RAID 6(Striping with double parity)
RAID 6 is similar to RAID 5 with an added advantage of double distributed parity, which provides fault tolerance up to two failed drives.
Advantages
-
Read data transactions are fast.
-
This provides a fault tolerance up to 2 failed drives.
-
RAID 6 is more resilient than RAID 5.
Disadvantages
-
Write data transactions are slow due to double parity.
-
Rebuilding the RAID array takes a longer time because of complex structure.
Use cases
Office automation, online customer service, and applications that require very high availability.
RAID 10(RAID 1+0 : Mirroring and Striping)
RAID 10 is a combination of RAID 0 and RAID 1. It means that both mirroring and striping in one single RAID array.
Advantages
-
Rebuilding the RAID array is fast.
-
Read and write operations performance are good.
Disadvantages
-
Just like RAID 1, only half the drive capacity is available.
-
It can be expensive to implement RAID 10.
Use cases
Transactional databases with sensitive information that require high performance and high data security.
Commands to monitor RAID
The command cat /proc/mdstat
will give the status of a software RAID. Let us examine the output of the command:
Personalities : [raid1]
md0 : active raid1 sdb1[2] sda1[0]
10476544 blocks super 1.1 [2/2] [UU]
bitmap: 0/1 pages [0KB], 65536KB chunk
md1 : active raid1 sdb2[2] sda2[0]
10476544 blocks super 1.1 [2/2] [UU]
bitmap: 1/1 pages [4KB], 65536KB chunk
md2 : active raid1 sdb3[2]
41909248 blocks super 1.1 [2/1] [_U]
bitmap: 1/1 pages [4KB], 65536KB chunk
The “personalities” gives us the raid level that the raid is configured.
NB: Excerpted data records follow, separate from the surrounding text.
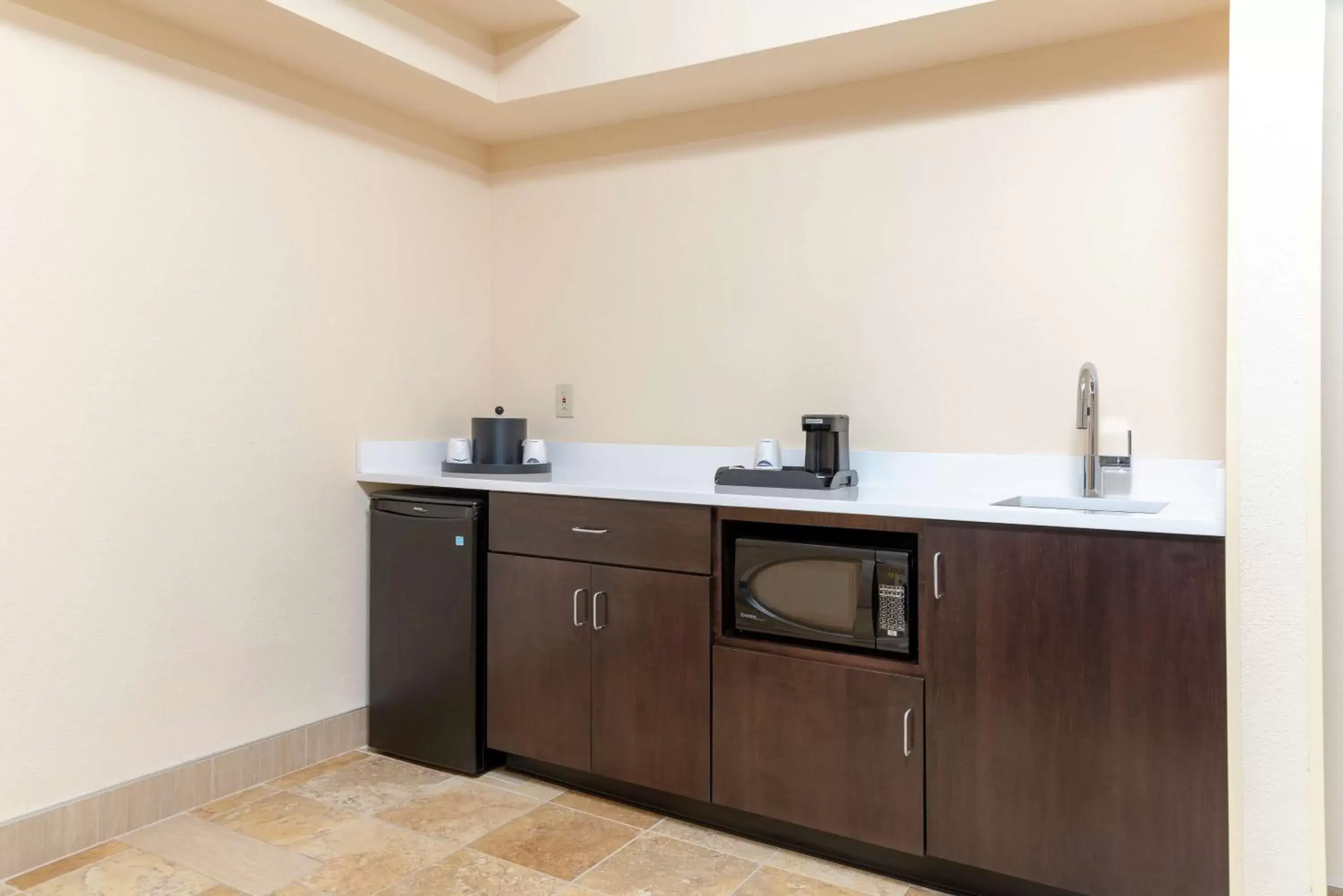 Kitchen or kitchenette, Bathroom in Hampton Inn & Suites Cleveland-Airport/Middleburg Heights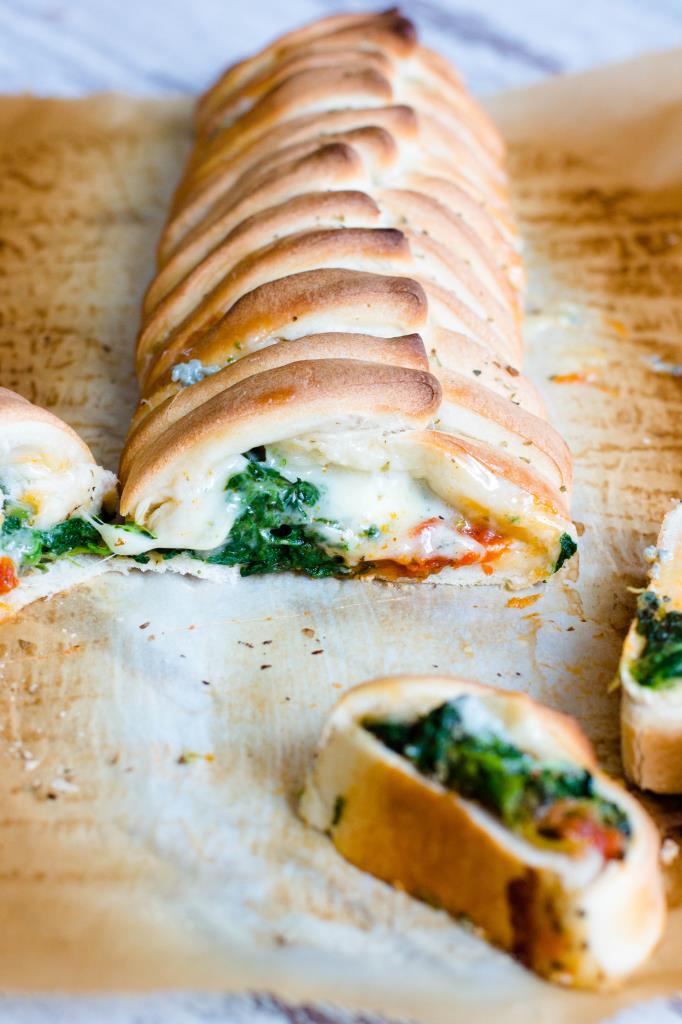 Pizzazopf-Spinat-Mozzarella-Gorgonzola-Rezept-6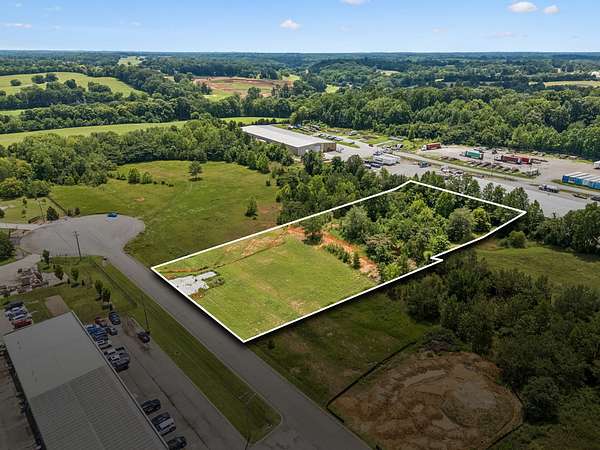 1.73 Acres of Commercial Land for Sale in Springfield, Tennessee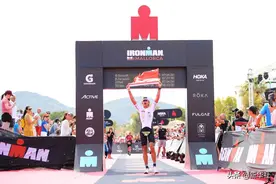 追光｜他们很意外，一个中国人能够追上来图片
In the above example, the raid is configured with RAID 1. md0 : active raid1 sdb1[2] sda1[0]
tells us that there is an active raid of RAID 1 between sdb1(which is device 2) and sda1(which is device 0).An inactive array generally means that one of the disks are faulty. Md2 in the above example shows that we have 41909248 blocks super 1.1 [2/1] [_U]
, this means that one disk is down in this particular raid.
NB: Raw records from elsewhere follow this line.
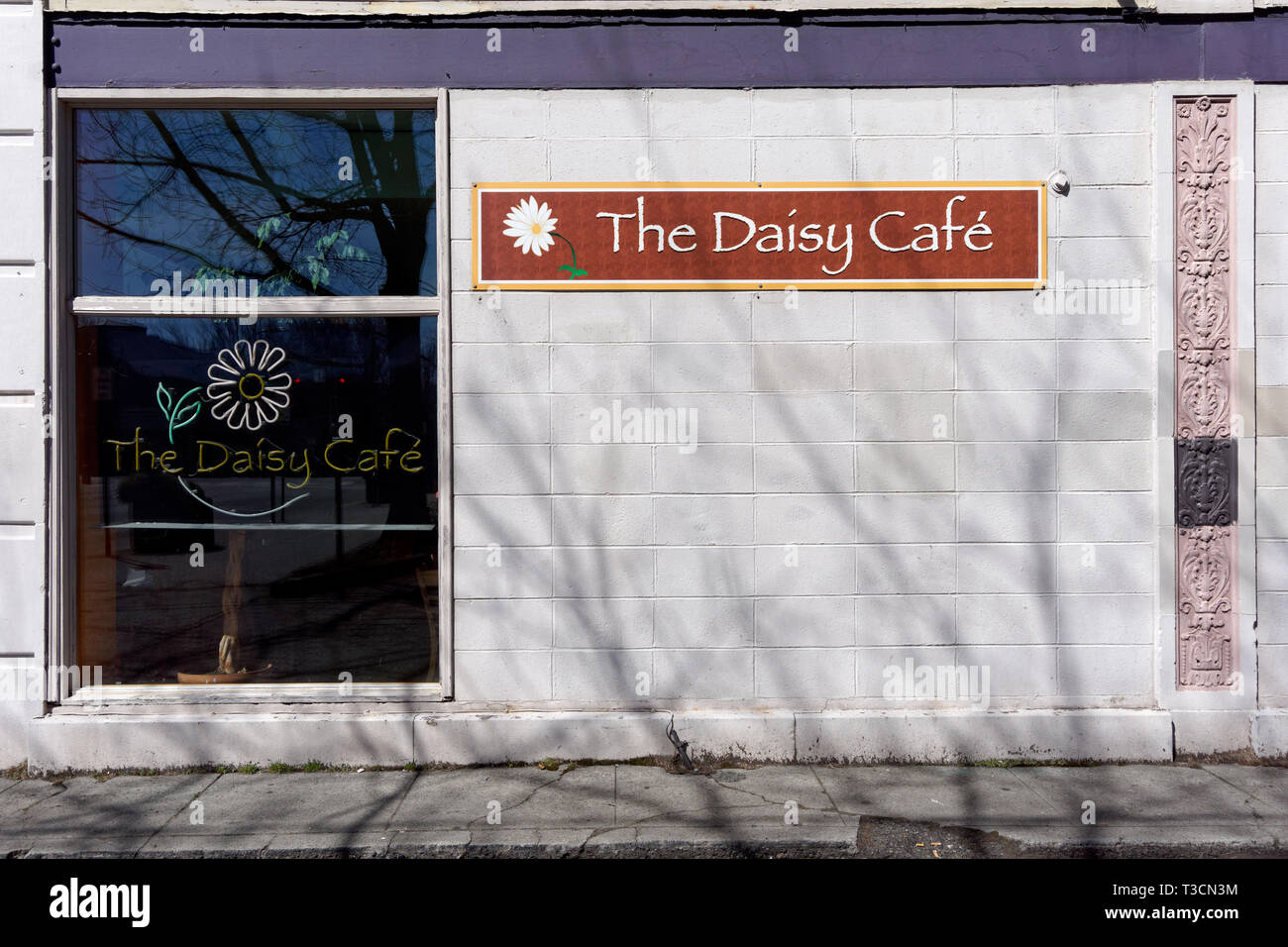 Cafes exterior hires stock photography and images Alamy
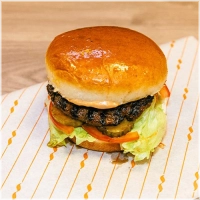 Beef Patty Lettuce,pickles,tomato,Sauce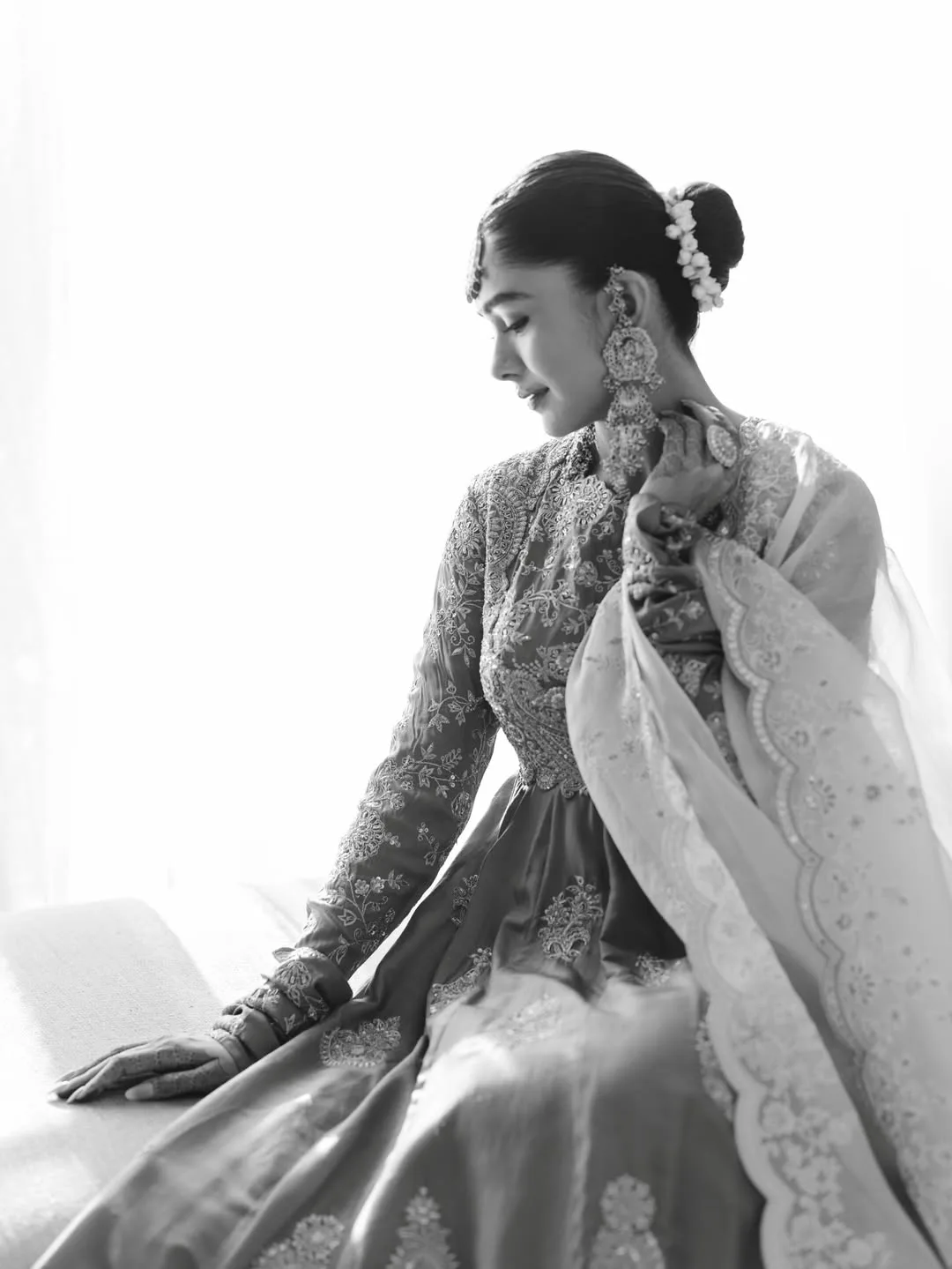 Mrunal thakur stunning looks in traditional wear
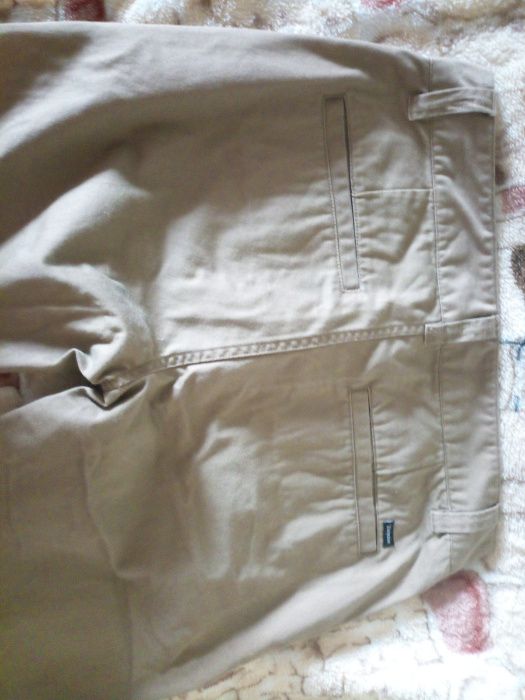 Мужские бежевые джинсы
The command mdadm --detail /dev/<raid-array>
gives detailed information about that particular array.
sudo mdadm --detail /dev/md0
/dev/md0:
Version : 1.1
Creation Time : Fri Nov 17 11:49:20 2019
Raid Level : raid1
Array Size : 10476544 (9.99 GiB 10.32 GB)
Used Dev Size : 10476544 (9.99 GiB 10.32 GB)
Raid Devices : 2
Total Devices : 2
Persistence : Superblock is persistent
Intent Bitmap : Internal
Update Time : Sun Dec 2 01:00:53 2019
State : clean
Active Devices : 2
Working Devices : 2
Failed Devices : 0
Spare Devices : 0
UUID : xxxxxxx:yyyyyy:zzzzzz:ffffff
Events : 987
Number Major Minor RaidDevice State
0 8 1 0 active sync /dev/sda1
1 8 49 1 active sync /dev/sdb1
Incase of a missing disk in the above example, the State of the raid would be ‘dirty’ and Active Devices and Working Devices would be reduced to one. One of the entries(either /dev/sda1 or /dev/sdb1 depending on the missing disk) would have their RaidDevice changed to faulty.
LVM
LVM stands for Logical Volume Management. In the above section we saw how we can create FS and use individual disks according to our need the traditional way but using LVM we can achieve more flexibility in storage allocation like we can stitch three 2TB disks to make one single partition of 6TB, or we can attach another physical disk of 4TB to the server and add that disk to the logical volume group to make it 10TB in total.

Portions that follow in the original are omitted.